▸ **TASK**
In this exercise, print only the lines of the records below from the one with "Euro Style Scrub" through the one with "Isolated Lotus Flower", inclusive. Pictures are not part of the copy.

▸ **RECORDED DATA**
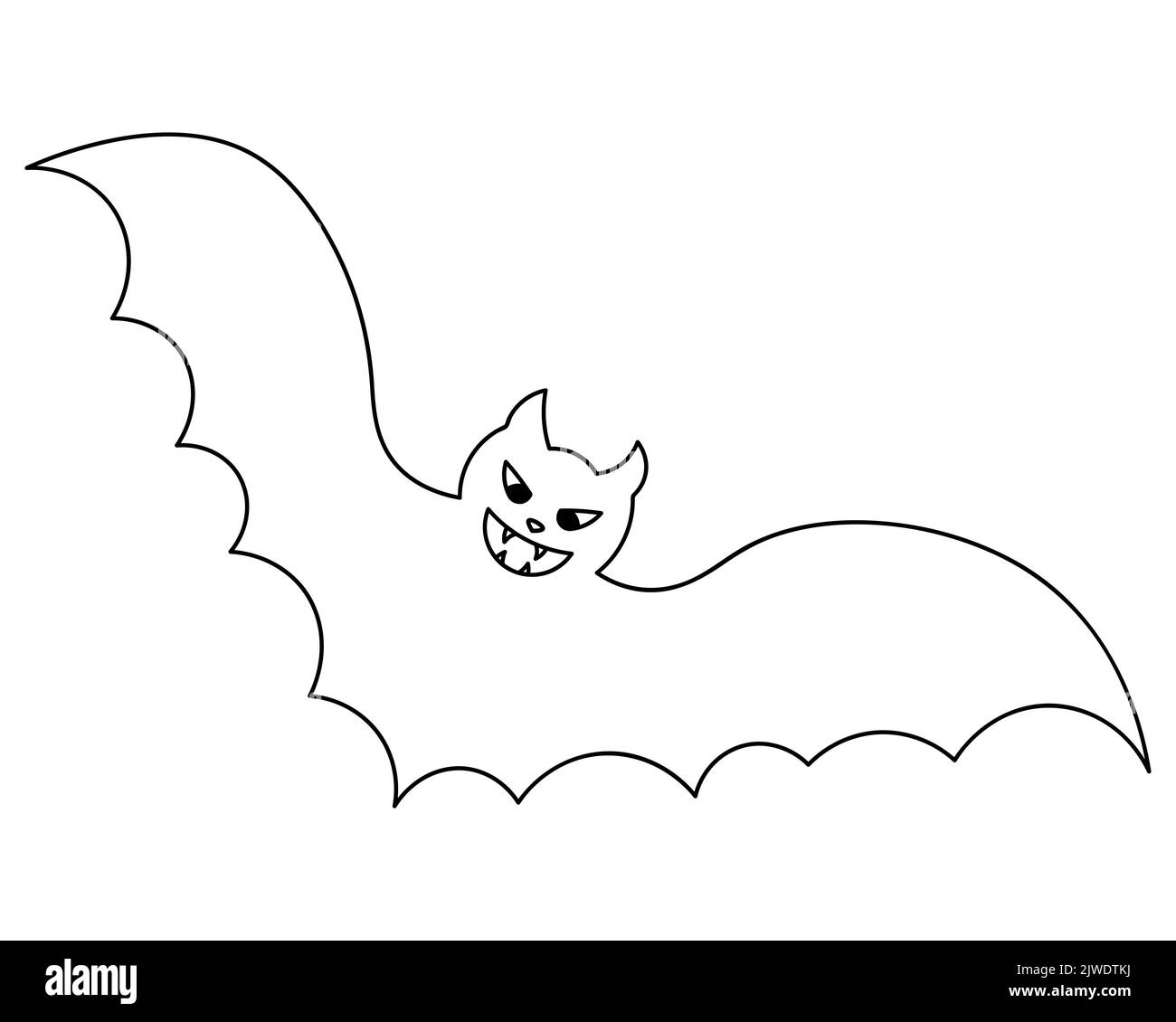 Bat. Sketch. Vampire animal. Angry grin. A blood-sucking mammal. Halloween symbol.Vector illustration. Outline on an isolated white background. Stock Vector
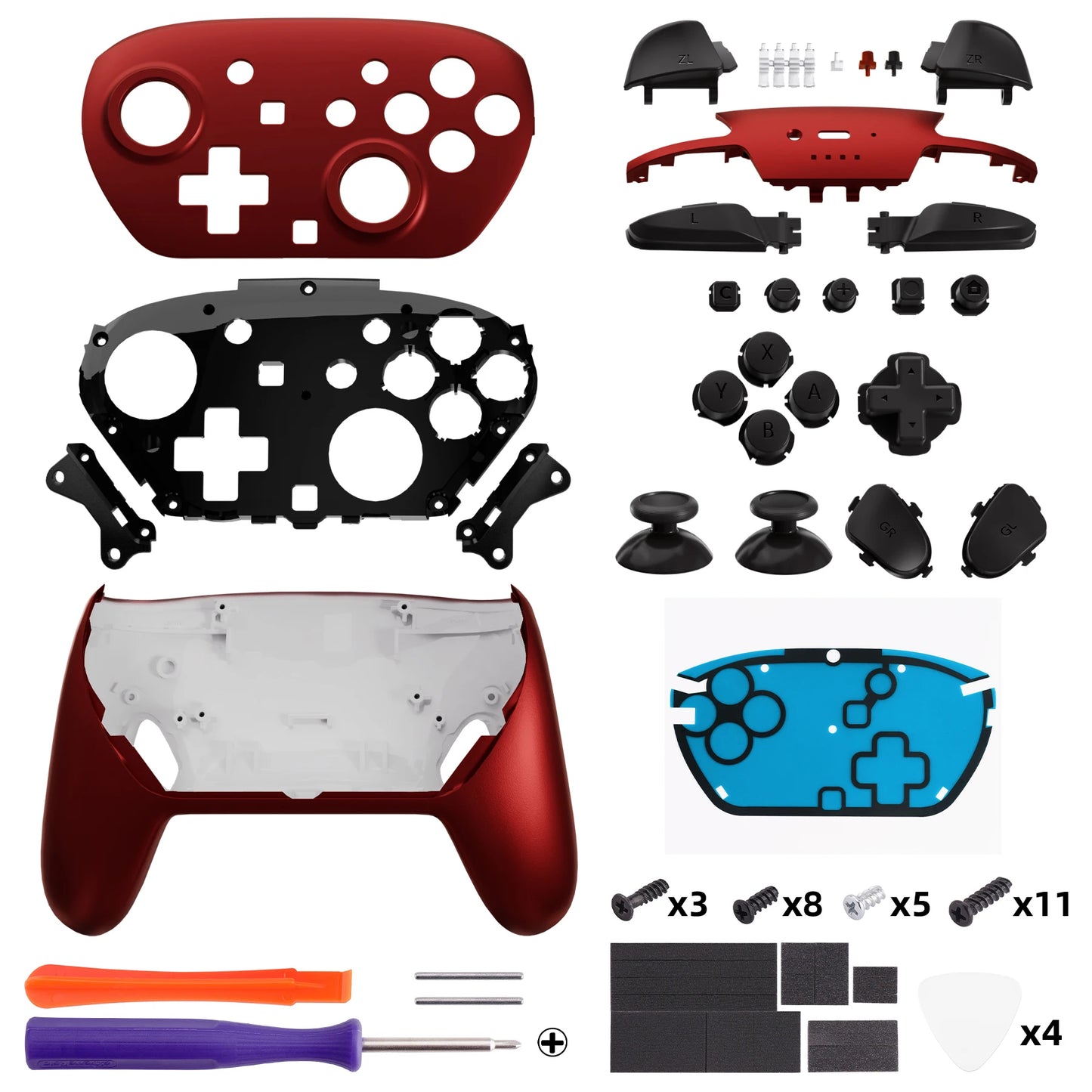 eXtremeRate DIY Replacement Full Set Shell Buttons for Nintendo Switch 2 Pro Controller, Faceplate Rear Bottom Cover
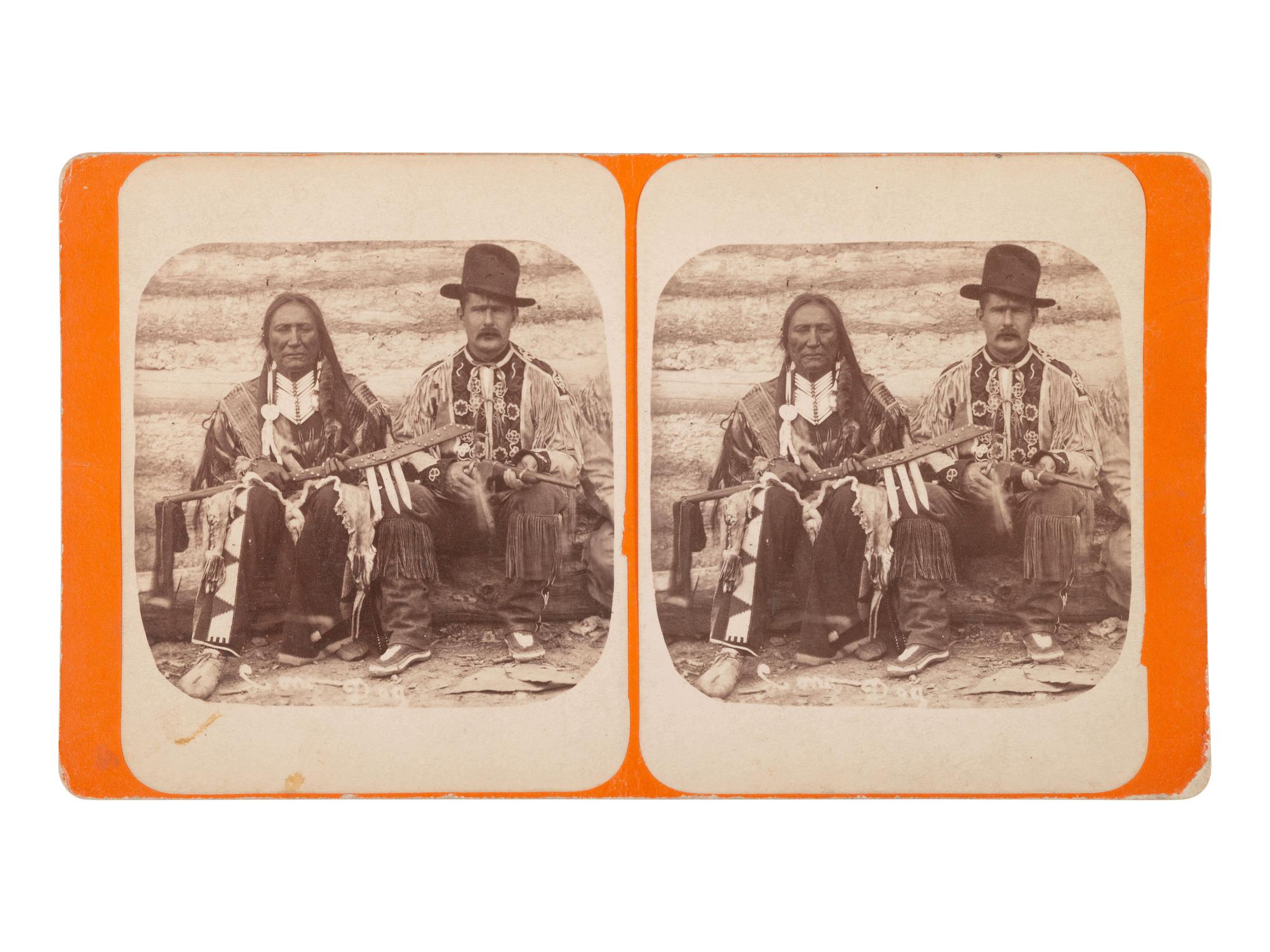 AUDERTON & CULVER, photographers. Stereoview of Hunkpapa Chief Long Dog and George Wills, B Troop, Northwest Mounted Police. Ca 1876.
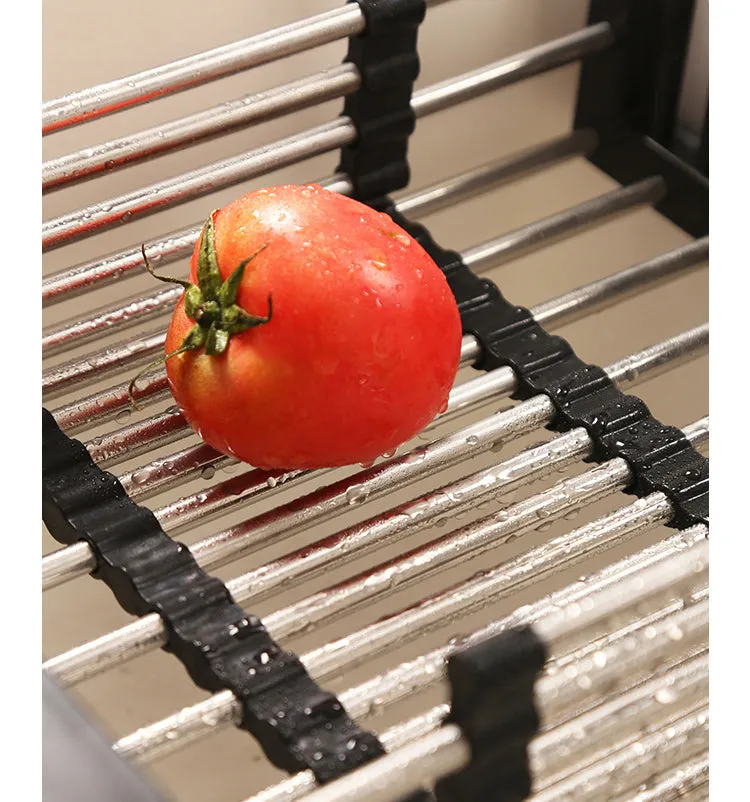 Adjustable Drainer Basket Drain Tray for Dish,Fruit-Black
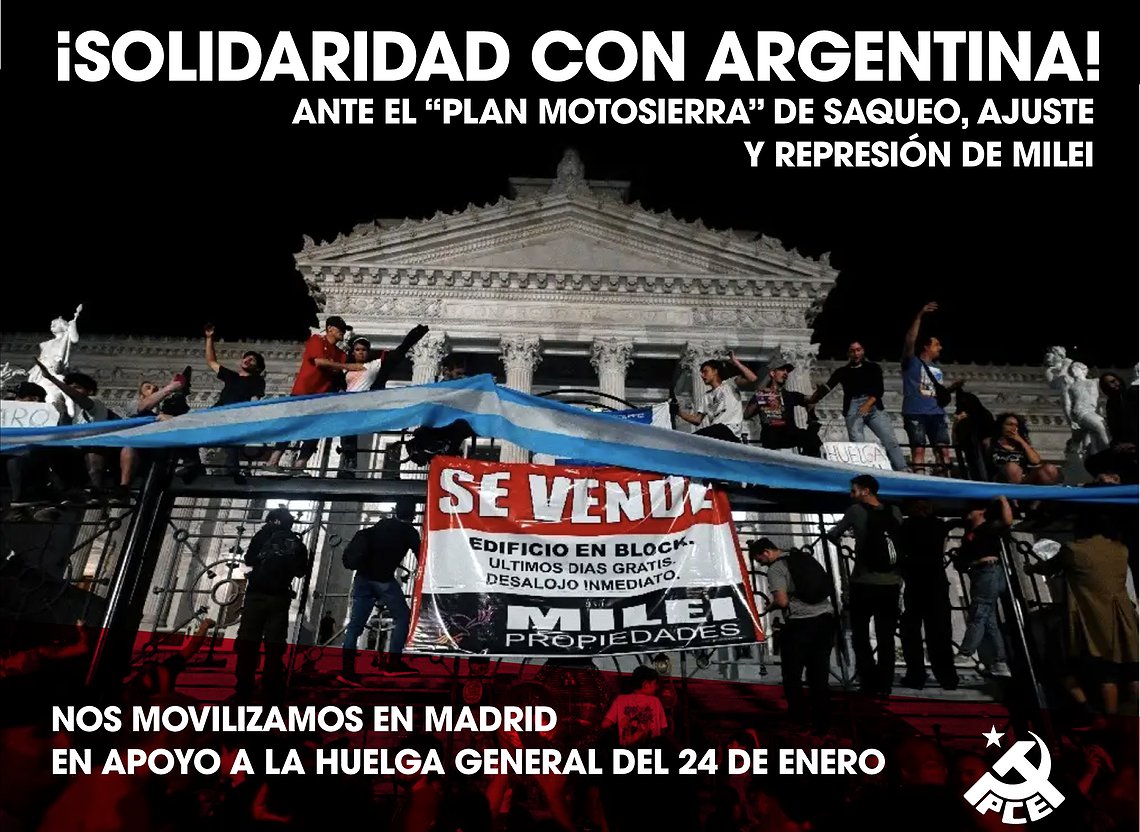 Nos sumamos a la movilización de la comunidad argentina en apoyo a la huelga general contra Milei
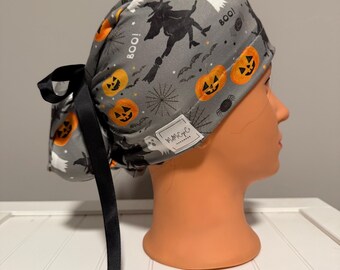 Euro Style Scrub Cap LUXE Stretch Fabric, Halloween, Ghosts, Witches, Pumpkins, Fall, Spooky, Holiday, Grey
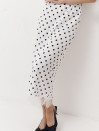 Біла спідниця в горох з атлас-сатину декорована гіпюром Skirt Grace 412 
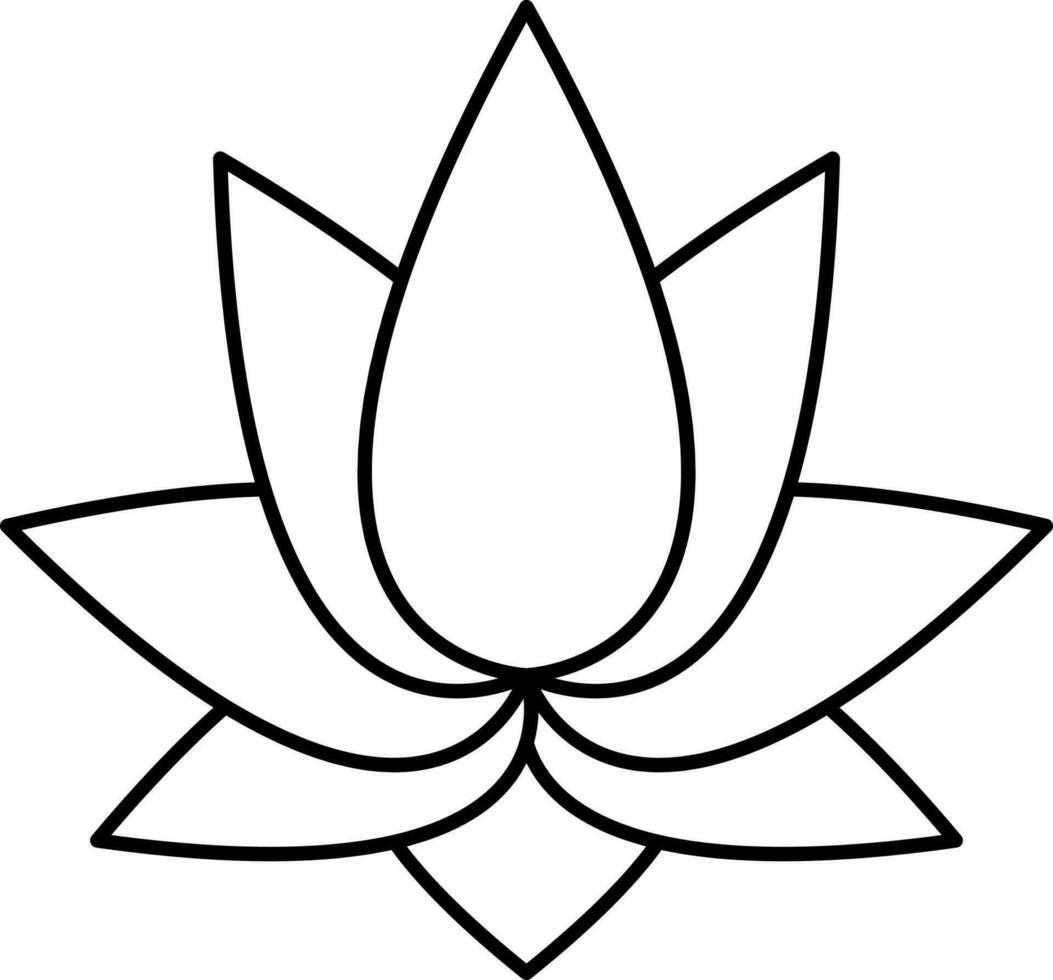 Isolated Lotus Flower Icon In Line Art. vector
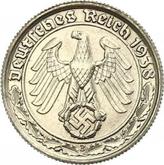 Reverse 50 Reichspfennig 1938 B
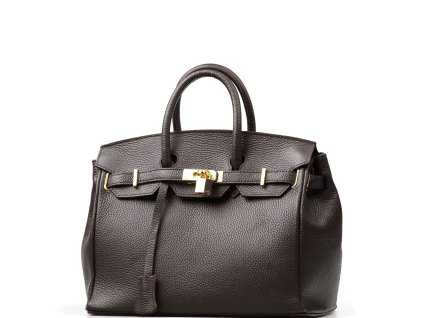 Kožená kabelka Cindra tmavě hnědá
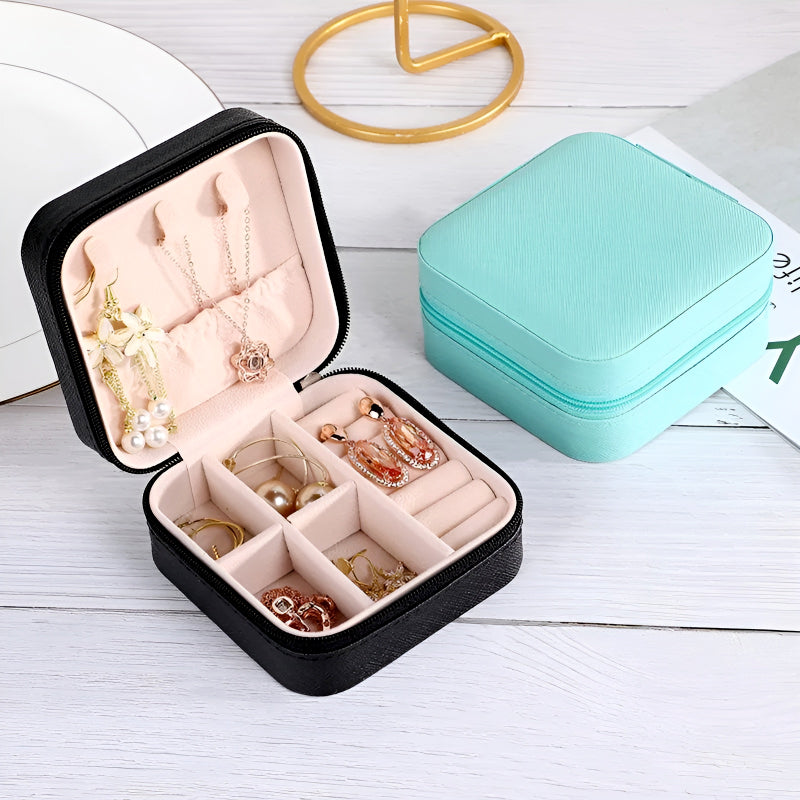 Mini Jewelry Organizer – Stylish and Portable Compact Storage Box for Rings, Earrings, and Necklaces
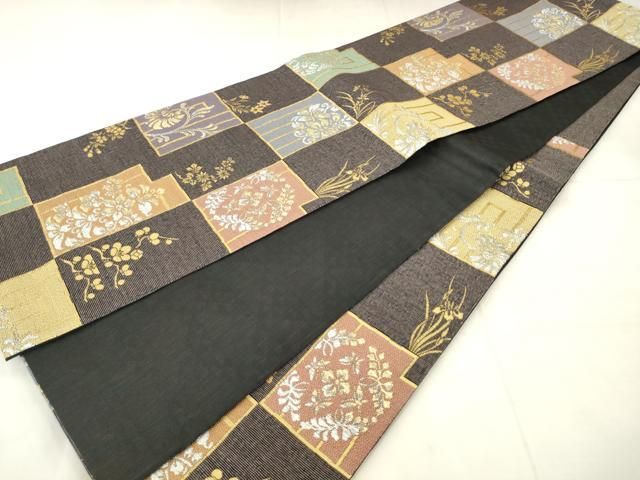 平和屋着物●六通柄袋帯　草花文　金銀糸　正絹　逸品　AABN4462pf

▸ **TASK RESPONSE**
 Euro Style Scrub Cap LUXE Stretch Fabric, Halloween, Ghosts, Witches, Pumpkins, Fall, Spooky, Holiday, Grey
 Біла спідниця в горох з атлас-сатину декорована гіпюром Skirt Grace 412 
 Isolated Lotus Flower Icon In Line Art. vector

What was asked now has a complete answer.